やっぱりLiveが好き

目の前の空間を味わうのが好きな人の記録🍀

「坂東玉三郎 特別舞踊公演①」5/18,19 八千代座

〈口上〉

前回来た時とは違い、一階桝席はすべてひとつの枠に横並びで四席に変わっていて、二階まで満席の八千代座。

幕が開き、玉さまのお姿がみえると、「ヒャーッ!!」みたいな歓声と、熱烈な拍手が送られます✨二日間とも、こんなに凄い反応は初めてだったような気がします。

そして口上のはじまり。即日完売で連日たくさんのお客様に来ていただいたことへの感謝を述べられていました。前の口上でお聞きしたお話と重複もあるけど、それもそのままに、メモな感じで書きとめ。細かいところちょっと違うかも💦

 

・八千代座に来たことの経緯 

このお話は初日からずっとされてきたようですが、特に18日はその当時の描写を昨日のことのように話されててほんとに光景が浮かぶようでした。八千代座の写真が届いて、それを開いたのは新幹線に乗っている時だったと。この時の様子をなぜかハッキリ覚えていて、その写真を見たときに心惹かれるものがあり、その年の7月に下見に訪れれ、そして11月に舞踊公演を二日間開催することに。11月は公演予定がなかったか、お休みにしてたかちょっとうろ覚えだけど、そういった理由でその時期に始めたのだそう。

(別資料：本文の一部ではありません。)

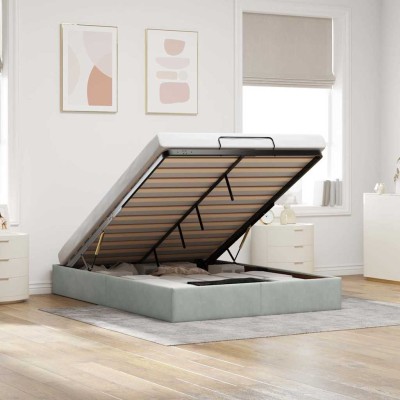 Estructura cama otomana sin colchón gris claro 140x200cm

玉さまが八千代座公演を始める数年前から、澤村藤十郎さんは金丸座で公演を始め、何度も出演のお誘いはいただいていたけれど当時は出演することはなし(澤村藤十郎さんは玉さまのことを「伸ちゃん」と呼びながらお誘いを受けていた言葉を玉さまが再現)。このお話、他の時に聞いた時は、たしかなんとなくお引き受けしなかったと仰ってた気がします😂

玉さまは八千代座で公演を始めたので、同じそういった木造の芝居小屋で公演することができてよかった、と。金丸座へはその後、ご出演されたとのことでした。

 

一回目の公演のこと 

千穐楽の日に特に細かくお話されてたのが、最初の公演についてのこと。初演時のお話だったかはちょっと確信がないけど💦実行委員が立ち上がり、当時玉さまと年齢が同じくらいだったり少し上だったり、10こくらい?下だったり(笑)、近い世代の人達だったのでやりやすかったそうです。チケット販売を受付することさえしたことのなかったその方達が、10台電話を揃えて受け付けたものの、実際は見れる数の8倍~10倍(数字あやふや)の人たちが申し込もうとしてたらしく、ほんとに大変だったそう。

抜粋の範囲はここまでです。